Short text fragments from websites:
__________

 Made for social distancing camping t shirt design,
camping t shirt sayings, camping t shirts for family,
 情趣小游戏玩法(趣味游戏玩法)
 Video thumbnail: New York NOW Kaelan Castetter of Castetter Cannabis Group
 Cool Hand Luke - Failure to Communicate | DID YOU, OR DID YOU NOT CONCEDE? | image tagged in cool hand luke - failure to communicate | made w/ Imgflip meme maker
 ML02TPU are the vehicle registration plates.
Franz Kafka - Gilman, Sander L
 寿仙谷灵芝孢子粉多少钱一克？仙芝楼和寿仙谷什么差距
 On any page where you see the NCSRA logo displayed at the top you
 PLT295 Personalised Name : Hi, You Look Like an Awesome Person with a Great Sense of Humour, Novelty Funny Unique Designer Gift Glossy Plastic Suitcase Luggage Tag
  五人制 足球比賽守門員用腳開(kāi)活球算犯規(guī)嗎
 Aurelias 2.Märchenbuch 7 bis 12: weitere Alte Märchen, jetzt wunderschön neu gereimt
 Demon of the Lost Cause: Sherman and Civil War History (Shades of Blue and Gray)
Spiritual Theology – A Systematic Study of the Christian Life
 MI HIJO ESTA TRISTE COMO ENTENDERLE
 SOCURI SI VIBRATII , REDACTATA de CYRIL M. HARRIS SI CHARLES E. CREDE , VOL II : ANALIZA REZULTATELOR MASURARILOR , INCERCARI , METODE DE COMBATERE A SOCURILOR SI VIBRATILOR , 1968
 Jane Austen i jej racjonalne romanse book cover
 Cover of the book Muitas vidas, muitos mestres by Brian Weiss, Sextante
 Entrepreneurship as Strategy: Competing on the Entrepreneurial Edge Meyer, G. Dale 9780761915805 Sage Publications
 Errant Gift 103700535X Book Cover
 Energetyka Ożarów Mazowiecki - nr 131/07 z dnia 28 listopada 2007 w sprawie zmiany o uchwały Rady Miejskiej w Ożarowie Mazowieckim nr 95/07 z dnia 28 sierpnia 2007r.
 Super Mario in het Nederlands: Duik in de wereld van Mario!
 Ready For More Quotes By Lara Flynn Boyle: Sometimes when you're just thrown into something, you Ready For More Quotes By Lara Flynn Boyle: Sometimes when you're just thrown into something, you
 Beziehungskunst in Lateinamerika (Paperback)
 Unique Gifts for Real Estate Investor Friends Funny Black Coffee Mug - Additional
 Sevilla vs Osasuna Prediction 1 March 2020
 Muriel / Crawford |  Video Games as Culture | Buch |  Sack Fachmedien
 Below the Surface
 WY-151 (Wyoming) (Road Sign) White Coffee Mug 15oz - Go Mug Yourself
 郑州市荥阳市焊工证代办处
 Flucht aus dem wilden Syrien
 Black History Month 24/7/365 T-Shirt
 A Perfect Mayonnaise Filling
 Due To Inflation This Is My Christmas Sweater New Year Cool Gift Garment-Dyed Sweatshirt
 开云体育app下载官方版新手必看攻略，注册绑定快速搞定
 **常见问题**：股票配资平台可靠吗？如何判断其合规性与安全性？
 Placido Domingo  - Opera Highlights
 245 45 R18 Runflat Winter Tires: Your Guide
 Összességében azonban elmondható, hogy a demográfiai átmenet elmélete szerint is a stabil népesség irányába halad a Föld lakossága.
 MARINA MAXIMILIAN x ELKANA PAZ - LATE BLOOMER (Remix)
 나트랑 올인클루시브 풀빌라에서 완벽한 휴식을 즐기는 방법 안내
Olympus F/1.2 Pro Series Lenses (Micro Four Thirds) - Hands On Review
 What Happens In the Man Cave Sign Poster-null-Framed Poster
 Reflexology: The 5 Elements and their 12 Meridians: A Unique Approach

__________

About this task. Using the records above, gather all lines where the string "History" is present.

Exercise response.
 Demon of the Lost Cause: Sherman and Civil War History (Shades of Blue and Gray)
 Black History Month 24/7/365 T-Shirt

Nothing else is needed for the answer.